Actualités Régionales of Sunday, 14 February 2016

Source: The Post Newspaper

Limbe : Court frees man detained for 5 years without trial

Court frees man detained for 5 years without trial Court frees man detained for 5 years without trial

The Magistrate Court in Limbe, on February 5, set free 21-year-old Severin Pewah, after he spent five years in jail without trial.

Pewah was said to have been detained at the Buea Prison sometime in October 2011 when he was just 16 years old, thus a minor. According to the charges, he was arrested and detained for theft and non-possession of a National ID Card. But since then, he has never been tried.

The prosecution argued that the accused had been in and out of detention since when he was first detained in 2011. The State Counsel for Limbe told the court that Pewah had been released and that each time he was released, he was soon caught and brought back to jail still on account of stealing.
But Magistrate Tatsi, in his ruling, argued that the Court could not continue to keep him in detention after finding that he had been in jail for as long as five years and two weeks, without having been tried. He further argued that, even the witnesses in the case, have failed to appear in court on several occasions to substantiate their claims against Pewah.

“I find that the fundamental human rights of the accused have not been respected,” Tatsi said. He went further to state that Pewah’s rights, as prescribed by the Cameroon Constitution, that; “all suspects should be tried within reasonable time,” had also been violated. The court then set Pewah free.

Pewah’s freedom, nevertheless, did not come that easily. The court, at one point, was almost settled on letting Pewah stay on in jail.
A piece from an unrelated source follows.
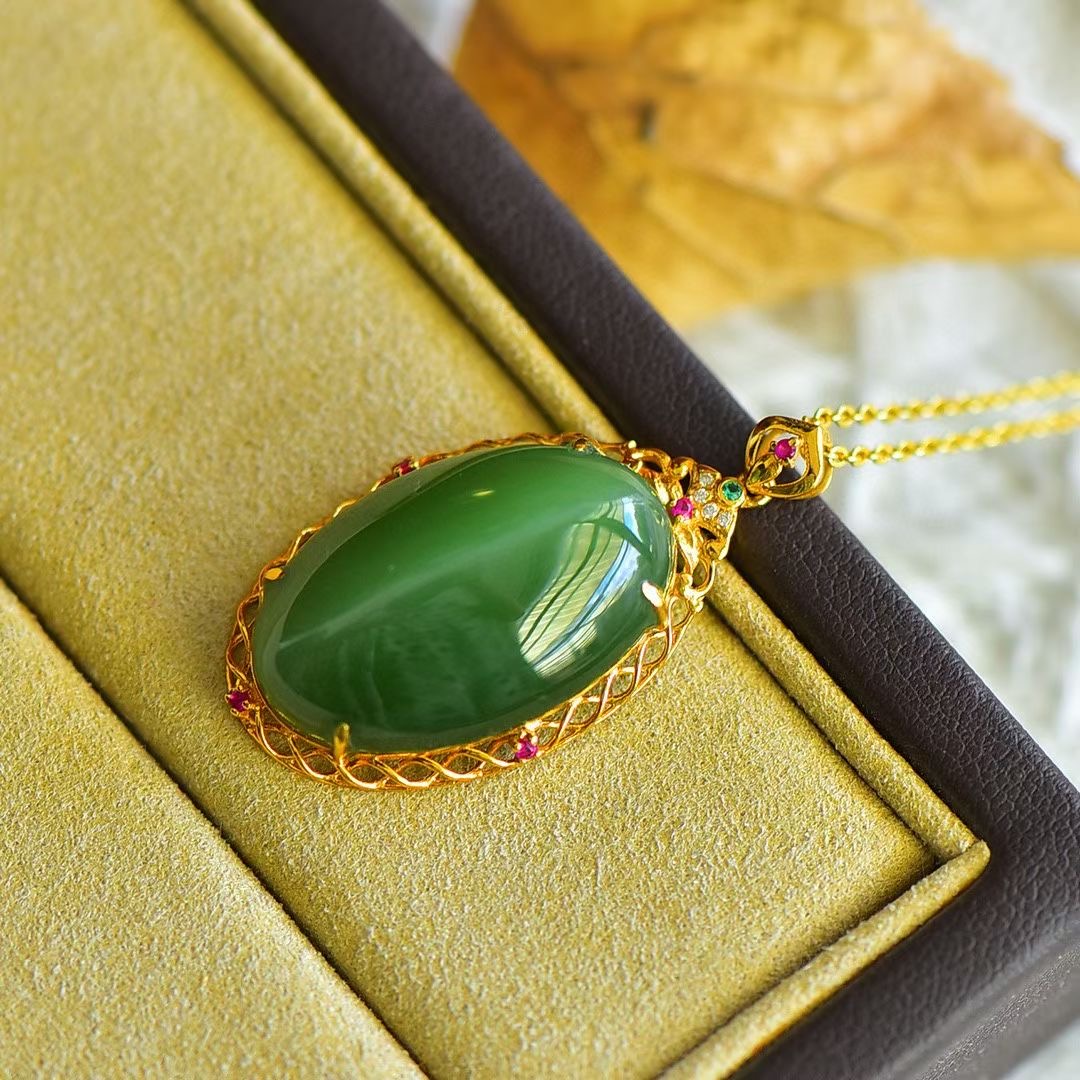 Montagne Jewelry สร้อยคอทองคำบริสุทธิ์ 18k สำหรับผู้หญิง ดีไซน์ฝังอัญมณี เครื่องประดับชั้นดี สร้อยคอจี้หยกสีเขียวตาแมวธรรมชาติ ขนาด 19x33 มม.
The prosecution had advanced the argument that Pewah’s long stay in detention had been prompted by the fact that, each time he got released, he was soon caught and brought back on account of the fact that he had stolen again.

Magistrate Tatsi expressed the fears that his being set free and given his notoriety for stealing, he could, this time, be caught and lynched on grounds that the courts and the penitentiary service had failed to, in anyway, reform Pewah.

Magistrate Tatsi, after failing to find anyone who could take Pewah on probation and foster him, advised Pewah to “go and join the Church,” and “Make sure you try and pray and be a good boy.”
Pewah, glad to be free after years behind bars, said he would want to take up his training in motor mechanics when he is out.